Re: studying business, yes, a lot of is useless. You get two very good things
out of it, and mostly only these two things:

1\. You get an overview of all the language, terms, and general domains of
business. You'll know most of the common business law clauses, the
fundamentals of accounting, basic economics, business models, different
management structures (who reports to who, centralized/decentralized, etc).

This stuff actually isn't super actionable, but it makes you know what you
don't know. So when an organization is having a hard time redoing their
product portfolio, R&D, or your company hits the wall after hiring a bunch of
people, you probably react a little bit faster and find some opinions on it a
little bit faster. The accounting and business law, by far, are the most
valuable things you get. (Project management and operations - scheduling,
utilization, re-estimating based on how far you're late right now, etc - are
good too. Finance is also good in theory, but can be learned adequately from
good books without instruction)

2\. Case studies. Almost anyone that studies business will tell you that the
case studies are the best part of it. So you'll do a few case studies on
crises, which helps you keep things together. Some of the seemingly obvious
solutions aren't obvious in a crisis. So you'll look at how Lou Gerstner
turned around IBM and the hurdles he had to face, how Tylenol dealt with the
tampering thing intelligently, how Bridgestone/Firestone didn't, why DHL
couldn't break into America successfully, etc. Many of these are super obvious
in retrospect, but actually walking through an executive's psychology during a
crisis helps you deal with it later when you have a crisis.

Beyond that - sure, study philosophy. Philosophy is good too. Studying
business is no substitute for _doing_ business - it primarily gives you an
overview of the important domains, and immersion in a bunch of case studies.
If you don't go out and apply it, this is pretty much useless. A lot of it
isn't actionable without diving in. None of it is required for succeeding at
business.

But there is some value there beyond "outside of the box thinking" - a good
instructor on management might walk through the classical innovator's dilemma
where a business has high overhead supporting a large market that's going to
be cannibalized by an upcoming product. You'll look at a bunch of companies
that failed and died trying to transition, and a few that succeeded. It
doesn't guarantee success by any stretch, but gives you better chances.

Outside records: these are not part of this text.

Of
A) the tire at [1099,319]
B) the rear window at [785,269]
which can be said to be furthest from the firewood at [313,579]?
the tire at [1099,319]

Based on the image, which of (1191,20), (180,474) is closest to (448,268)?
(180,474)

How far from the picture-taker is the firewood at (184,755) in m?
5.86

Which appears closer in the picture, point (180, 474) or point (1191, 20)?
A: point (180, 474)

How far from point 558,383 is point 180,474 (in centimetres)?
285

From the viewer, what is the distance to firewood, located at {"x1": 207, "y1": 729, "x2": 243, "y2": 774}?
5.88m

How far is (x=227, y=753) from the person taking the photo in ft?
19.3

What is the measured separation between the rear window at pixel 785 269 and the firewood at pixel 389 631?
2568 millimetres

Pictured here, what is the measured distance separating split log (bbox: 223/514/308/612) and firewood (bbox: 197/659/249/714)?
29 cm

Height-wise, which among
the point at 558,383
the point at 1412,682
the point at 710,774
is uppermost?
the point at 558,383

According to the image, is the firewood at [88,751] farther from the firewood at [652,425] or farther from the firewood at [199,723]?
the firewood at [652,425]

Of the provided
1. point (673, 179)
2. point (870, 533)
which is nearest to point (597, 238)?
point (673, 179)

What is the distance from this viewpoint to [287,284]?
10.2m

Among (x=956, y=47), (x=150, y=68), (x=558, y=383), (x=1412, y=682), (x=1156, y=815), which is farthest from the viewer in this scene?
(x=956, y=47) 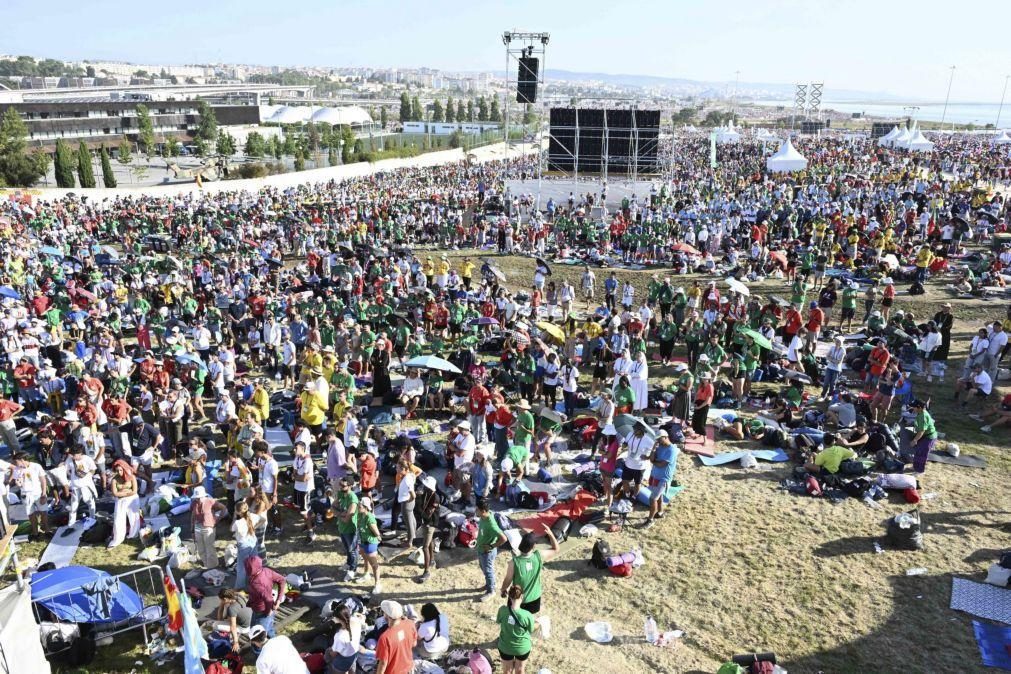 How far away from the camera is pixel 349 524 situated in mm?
7516

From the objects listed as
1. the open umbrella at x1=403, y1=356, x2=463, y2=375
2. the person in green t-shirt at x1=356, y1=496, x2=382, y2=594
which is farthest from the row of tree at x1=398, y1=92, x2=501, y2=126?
the person in green t-shirt at x1=356, y1=496, x2=382, y2=594

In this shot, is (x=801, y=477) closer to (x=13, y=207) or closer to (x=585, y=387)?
(x=585, y=387)

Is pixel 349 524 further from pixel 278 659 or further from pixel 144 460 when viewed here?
pixel 144 460

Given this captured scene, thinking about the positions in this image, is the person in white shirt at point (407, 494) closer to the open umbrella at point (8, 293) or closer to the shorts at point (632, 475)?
the shorts at point (632, 475)

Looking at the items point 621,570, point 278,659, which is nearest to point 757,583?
point 621,570

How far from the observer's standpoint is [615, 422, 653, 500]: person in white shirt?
881 cm

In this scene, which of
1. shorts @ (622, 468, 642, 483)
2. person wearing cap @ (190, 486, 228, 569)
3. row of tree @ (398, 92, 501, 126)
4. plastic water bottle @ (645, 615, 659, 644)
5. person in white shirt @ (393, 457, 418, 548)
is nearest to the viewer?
plastic water bottle @ (645, 615, 659, 644)

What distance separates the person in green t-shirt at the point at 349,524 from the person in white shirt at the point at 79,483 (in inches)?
149

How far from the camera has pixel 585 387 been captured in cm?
1355

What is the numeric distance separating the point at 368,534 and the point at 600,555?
2683 millimetres

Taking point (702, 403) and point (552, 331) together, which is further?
point (552, 331)

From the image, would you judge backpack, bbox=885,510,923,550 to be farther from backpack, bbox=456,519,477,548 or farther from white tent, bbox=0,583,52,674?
white tent, bbox=0,583,52,674

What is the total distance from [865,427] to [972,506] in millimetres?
1720

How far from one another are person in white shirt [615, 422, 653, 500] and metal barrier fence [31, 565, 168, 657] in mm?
5563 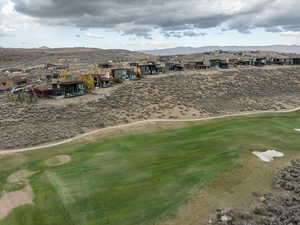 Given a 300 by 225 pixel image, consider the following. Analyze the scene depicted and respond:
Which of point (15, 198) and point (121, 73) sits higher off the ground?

Also, final thought - studying management/business is currently more geared
towards runnning a large, mature operation and less on entrepreneurship and
creativity and starting from scratch. That's starting to change a tiny little
bit, but you need to be very critical picking and choosing what to apply from
management studies if you're in a young company - the lack of structure and
ability to function in a loose and crazy environment is what makes startups
able to move fast and win. Trying to impose management theories broadly is
like taking a sledgehammer to that - though, there's tons of useful points
from hiring, business law, finding a business model and market fit, marketing,
and especially accounting and not having your expenses/cashflow get out of
control are valuable. The art and talent is figuring out where more structure
produces gains larger than the slowing-down effect they have on you.

------
pitdesi
I'm a former BCG consultant (but by no means a cheerleader for the industry),
the stuff about consulting that he writes I think is considerable horseshit...
if consulting didn't bring any value clients then why would almost all of the
fortune 500 hire them? There is a fantastic book on the issue called The Lords
of Strategy (<http://www.thelordsofstrategy.com/>). The term strategy really
came from management consultants. Speaking from my own experience, I think the
top firms (McKinsey, BCG, Bain certainly) create value. For me, the move to a
startup was more about quality of life and doing what I'm passionate about.

The author does a good job of hiding who he worked for... it seems that he
worked for Mitchell Madison which went bankrupt several times.